Required work - A faithful copy of the listing below is needed, one that contains no pictures.

Material for this exercise -

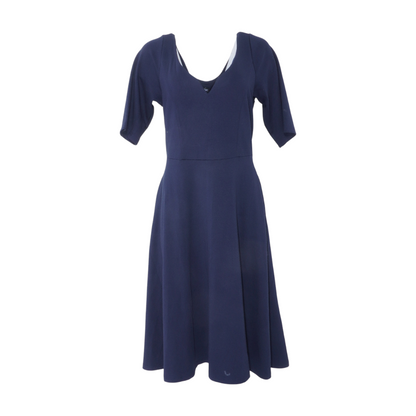 Navy Midi Dress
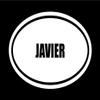 6" die Cut White Vinyl Javier Name Oval Euro Style Vinyl Decal Sticker view 1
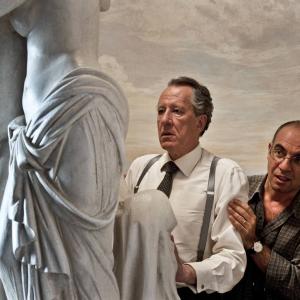 Still of Geoffrey Rush and Giuseppe Tornatore in La migliore offerta (2013)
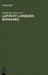 Latin et langues romanes by Sándor Kiss, Luca Mondin, Giampaolo Salvi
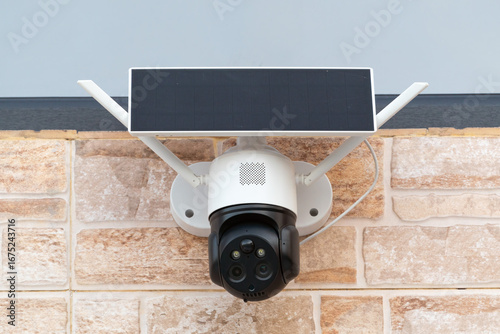 Solar powered wireless security camera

Written reply -
 Navy Midi Dress
 6" die Cut White Vinyl Javier Name Oval Euro Style Vinyl Decal Sticker view 1
 Still of Geoffrey Rush and Giuseppe Tornatore in La migliore offerta (2013)
 Latin et langues romanes by Sándor Kiss, Luca Mondin, Giampaolo Salvi
 Solar powered wireless security camera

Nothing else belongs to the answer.